Motoblur software could pit Motorola as competitor to Yahoo

T-Mobile, Motorola expect Cliq's software will appeal to social networking customers

SAN DIEGO -- The Motorola Cliq smartphone, on display for the first time at the International CTIA show this week, has attractive hardware features such as a touch screen atop a slide-out QWERTY keyboard, but its new Motoblur software could be its most important novelty.

With Motoblur, which uses the Android operating system and interface, users will be able to combine up to 10 social networking sites and other applications, such as work e-mail and photo tools, on a single home screen.

Several CTIA attendees who visited the Motoblur booth said they had trouble understanding Motoblur or its value -- a reaction that could pose a challenge for T-Mobile USA, which will begin selling the Cliq nationwide on Nov. 2, at a price of $200.

However, spokeswomen for both T-Mobile and Motorola Inc. said they don't expect much confusion over Motoblur from buyers, whom they predict will mostly be in their 20s and 30s and will be interested in quick home page access to updates from friends and co-workers on various social networking sites, alongside their work e-mail or other applications. While that capability might not appeal to all ages and types of cell phone users, the younger, more socially connected group is clearly driving the explosion in data usage witnessed by the nation's wireless carriers.

In addition to combining applications on a single home screen, users of Motoblur will be able to keep up to five separate home screens a single swipe away from one another. That means, for example, that a user could put work applications on one home screen, then swipe left or right to use personal applications on another of the five screens.

People whose lives involve various jobs or roles, or who are active in various social networks, might find Motoblur's organization scheme valuable. Gartner Inc. analyst Ken Dulaney recently said that, with the Motoblur software and the Android operating system, the Cliq offered a good combination of the software functions available in the iPhone and Windows Mobile and Nokia phones.

What is evident with the Cliq and some other smartphones is that their designs are moving into a second or third stage of evolution where software services such as Motoblur, rather than hardware features, offer buyers new choices. That's a shift from two years ago, when the iPhone caught the world by storm with a radical new touch-screen design and related interface.

In fact, Motoblur software takes Motorola and the Cliq into an area of services that, until now, seemed to have been the domain of software companies like Yahoo Inc., which for a while has offered smartphone and cell phone tools that provide access to social networking sites, such as Facebook and Twitter, alongside e-mail on a single screen.

Yahoo focuses its application and services development on social networking and e-mail because they are the applications people always come back to, said David Ko, senior vice president for Yahoo Mobile in an interview. The My Favorites tab on Yahoo's mobile home page is an example of that, because it lets users see at a glance the social networking sites and e-mail accounts they use.

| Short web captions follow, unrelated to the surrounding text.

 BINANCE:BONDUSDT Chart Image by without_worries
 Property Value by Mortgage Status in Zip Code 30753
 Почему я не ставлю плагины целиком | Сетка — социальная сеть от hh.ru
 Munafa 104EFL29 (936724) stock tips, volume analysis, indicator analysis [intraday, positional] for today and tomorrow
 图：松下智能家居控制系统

Such organization is valuable because when a user loads 60 or so applications onto a phone, he won't use all of them. "One thing we all have to think about as a trend is the potential for app fatigue," Ko said.

Yahoo's My favorites tab is similar to what Motoblur is beginning to do, although Motoblur was designed by a cell-phone maker. In effect, Motoblur is a sign that Motorola is looking at smartphones in the same way that Apple Inc. did when it designed a complete hardware and software package for the iPhone.

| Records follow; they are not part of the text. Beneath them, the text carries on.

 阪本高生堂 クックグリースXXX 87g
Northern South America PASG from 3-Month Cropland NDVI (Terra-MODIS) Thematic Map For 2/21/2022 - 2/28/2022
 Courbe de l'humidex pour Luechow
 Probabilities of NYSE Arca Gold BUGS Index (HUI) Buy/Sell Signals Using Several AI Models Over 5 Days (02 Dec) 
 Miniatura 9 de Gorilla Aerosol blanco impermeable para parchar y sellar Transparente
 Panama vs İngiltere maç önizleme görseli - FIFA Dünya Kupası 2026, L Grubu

In an interview, Ko seemed reluctant to say that Yahoo could be competing with Motorola and Motoblur. Yahoo, he said, is focused on developing applications and services, not on getting into new product areas like mobile phone software. And he was diplomatic in describing what Motorola seems to be doing.

"Motorola to me is known for selling handsets," Ko said. "Today, if they want to go and think about how they want to develop different things to increase adoption, that's great and will only help the ecosystem. We will continue to partner with them to make sure our services work well."